▽

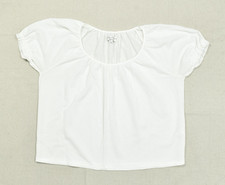 Madewell Texture & Thread Womens Size L White Textured Gauze Puff Sleeve Peasan picture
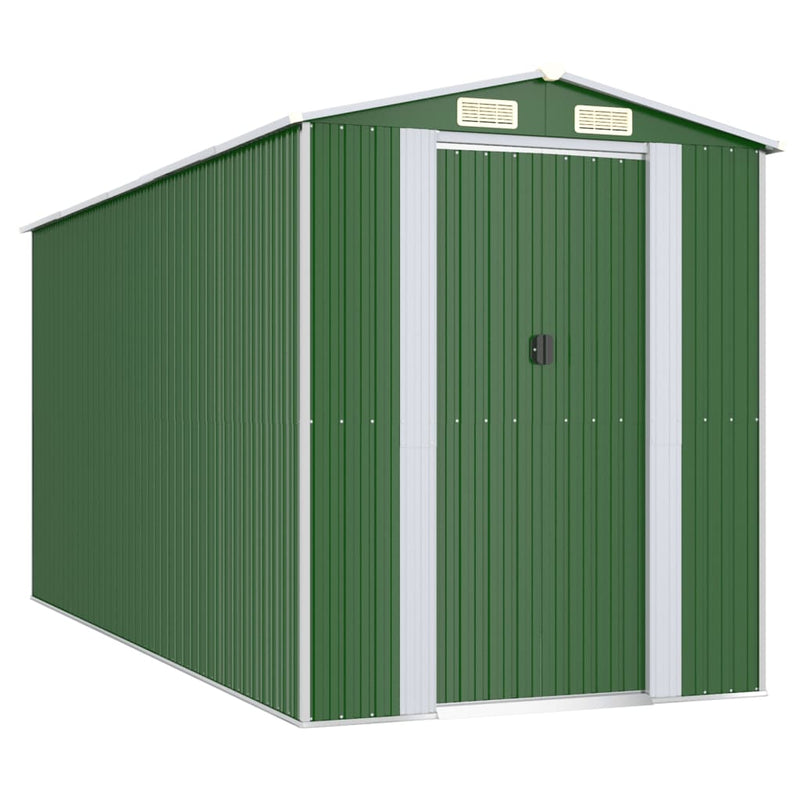 vidaXL zöld horganyzott acél kerti fészer 192x440x223 cm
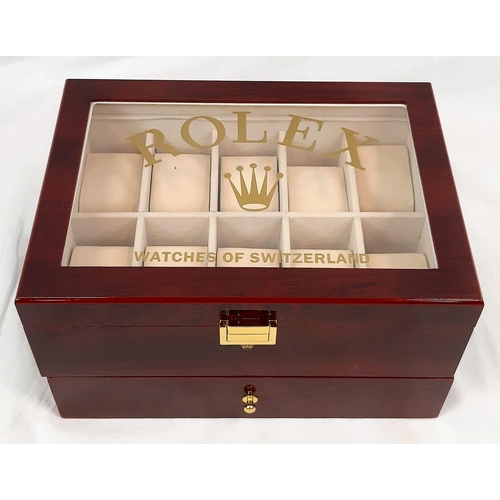 186 - Two-Tier Elite Watch Display Case - Perfect for Rolex Watches. 20 plush watch spaces on two levels. ... 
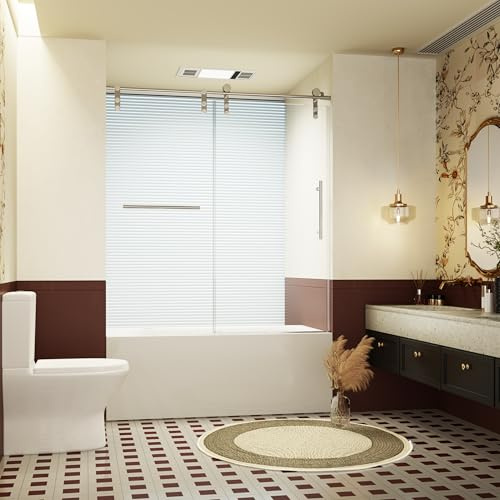 Gejok 56-60 W * 66 H Bathtub Sliding Shower Doors,Shower Screen,Bathtub Frameless Single Sliding Shower Doors, Bathroom Glass Door,5/16 (8mm) Thick SGCC Tempered Glass Door, Chrome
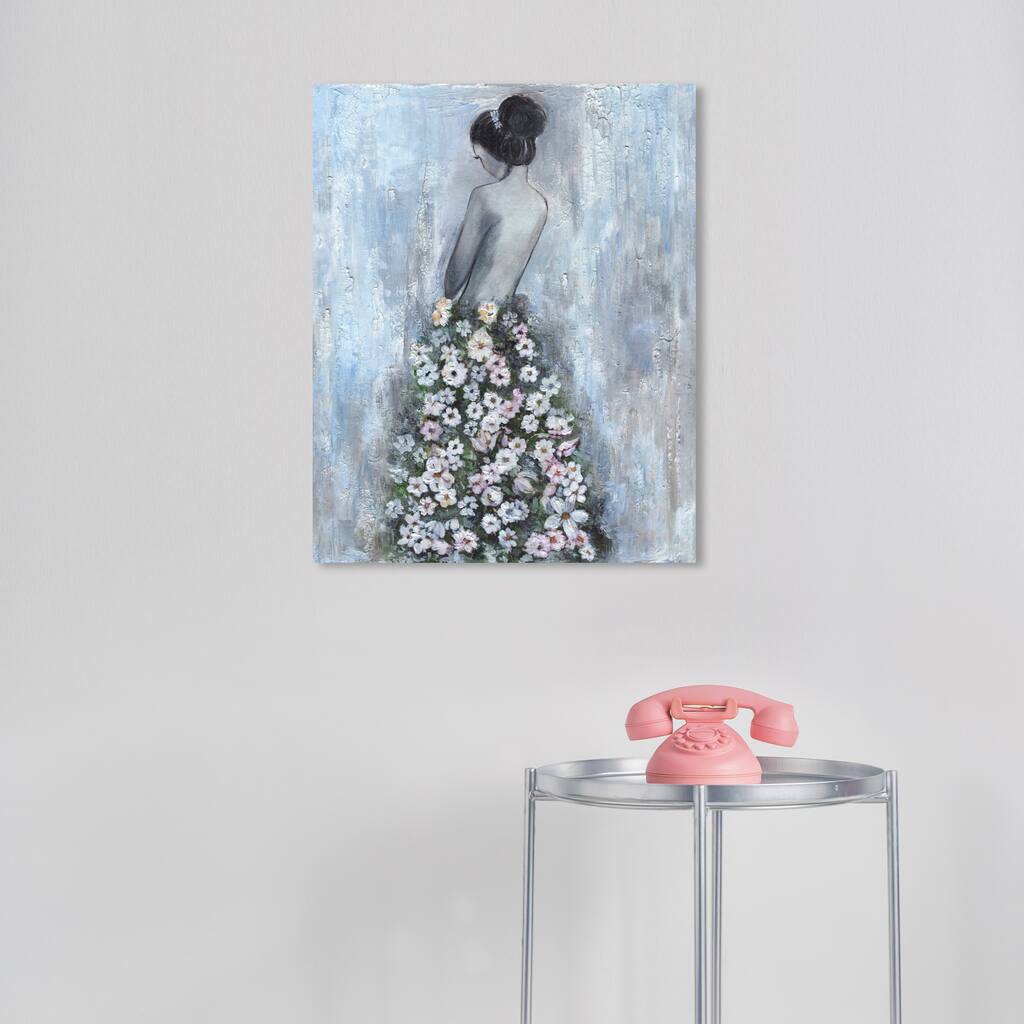 Wynwood Studio Fashion and Glam Ultimate Beauty Gray and Light Blue Rustic Wall Art Canvas Print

△

Problem description >> Skip the pictures and print exactly the lines from the one containing "186 - Two-Tier" through the end of the records above.

Answer >>
 186 - Two-Tier Elite Watch Display Case - Perfect for Rolex Watches. 20 plush watch spaces on two levels. ... 
 Gejok 56-60 W * 66 H Bathtub Sliding Shower Doors,Shower Screen,Bathtub Frameless Single Sliding Shower Doors, Bathroom Glass Door,5/16 (8mm) Thick SGCC Tempered Glass Door, Chrome
 Wynwood Studio Fashion and Glam Ultimate Beauty Gray and Light Blue Rustic Wall Art Canvas Print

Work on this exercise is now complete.